The table shape that held up
I used knowledge_base in the examples, but the structure fits support data and documentation too. The main decision was that each row should be one searchable unit. In practice that usually meant a chunk, a section, or a single note instead of a whole document.
I kept content because I still wanted the original text for trigram search and debugging. I kept embedding in the same row because I wanted one write path and one place to inspect when something looked wrong.
In production I had more columns and more filters, but those details aren't the point here.
You can normalize this more, and I often do later. For the first pass I preferred one table because it kept reads and writes easy to inspect.
The ingestion path stayed smaller than I expected
I overthought ingestion at first. Then I realized the basic job was simple: fetch the text, ask the embedding model for a vector, and write both together.
I'm not sharing the full ingestion code here. The useful part is just the shape:
for chunk in load_chunks():
vector = embed(chunk["content"])
db.execute(
"INSERT INTO knowledge_base (content, embedding) VALUES (%s, %s)",
(chunk["content"], vector),
)
In the real system there was more around this: chunking, retries, batching, updates, and failure handling. But the basic idea didn't change.
Why this felt better in practice
The main benefit was simple. I had one place to back up, one place to inspect data, and one place to debug when someone asked why a search result looked wrong.
That sounds minor until you actually have to answer questions like: why didn't this search find AUTH-417, or why did this document disappear after a reindex? Having the raw text and the embedding side by side removed a surprising amount of guesswork.
I also liked that this didn't force an early architecture decision. If the workload stayed moderate, Postgres was enough.
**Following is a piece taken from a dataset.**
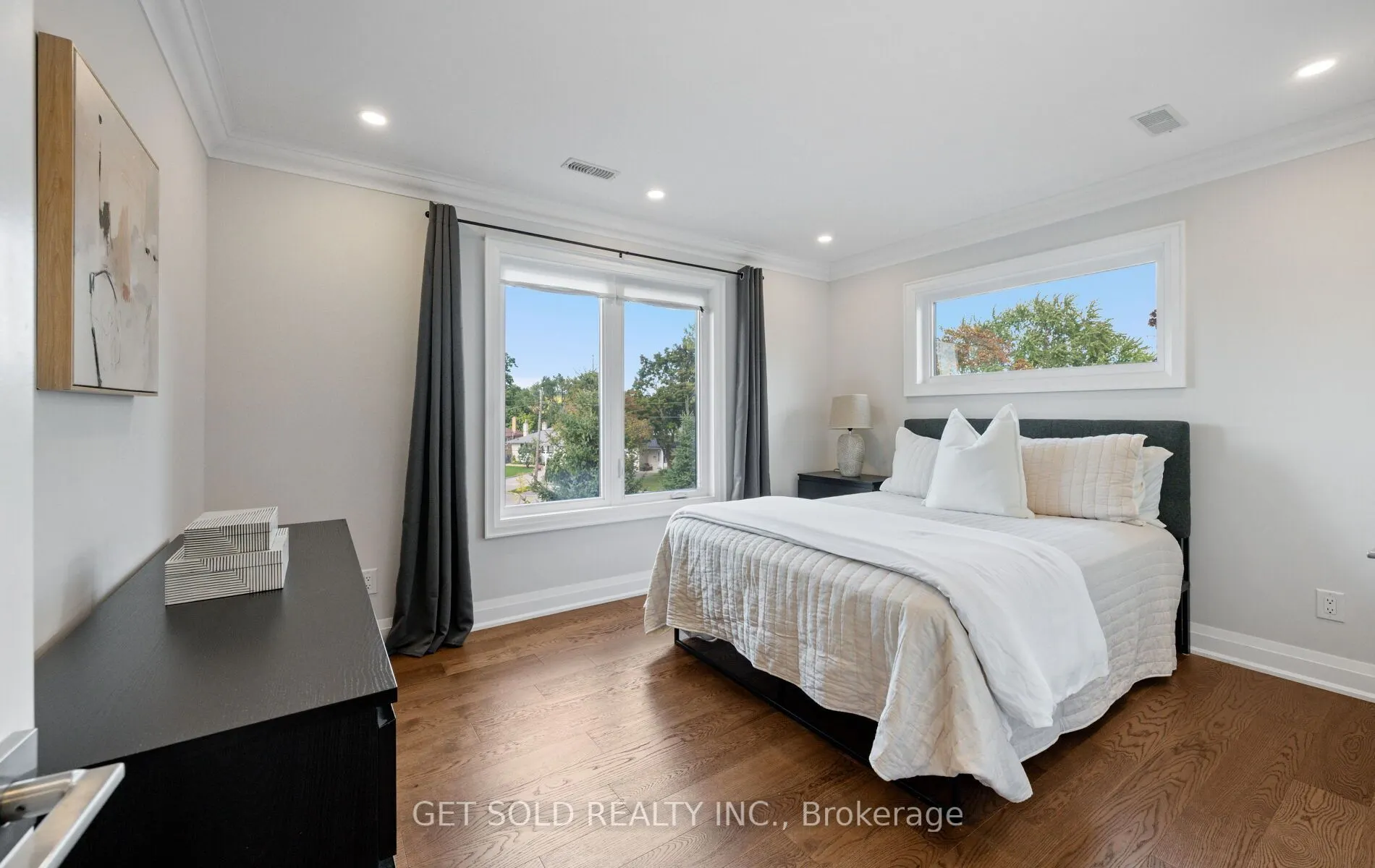 8 Hackmore Avenue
If it grew later, I could add ANN indexes, tune memory, or move pieces out with actual evidence.
The limits were still real
This doesn't solve every search problem. If the data is huge, if embeddings change all the time, or if you need very low latency at large scale, a specialized system can still make sense. The same is true if your team already runs Elasticsearch or OpenSearch well.
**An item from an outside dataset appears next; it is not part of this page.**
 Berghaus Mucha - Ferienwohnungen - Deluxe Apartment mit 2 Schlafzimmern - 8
And extension support still matters. Most decent managed Postgres offerings support pgvector and pg_trgm now, but I still check before committing to the design.
The other thing I learned is that chunking quality matters more than the database choice. Bad chunks give you bad recall anywhere. Postgres doesn't save you from that.
What this setup gave me was a clean base state: text and vectors in the same place, with a write path I could explain simply. For this kind of system, that was a good place to start.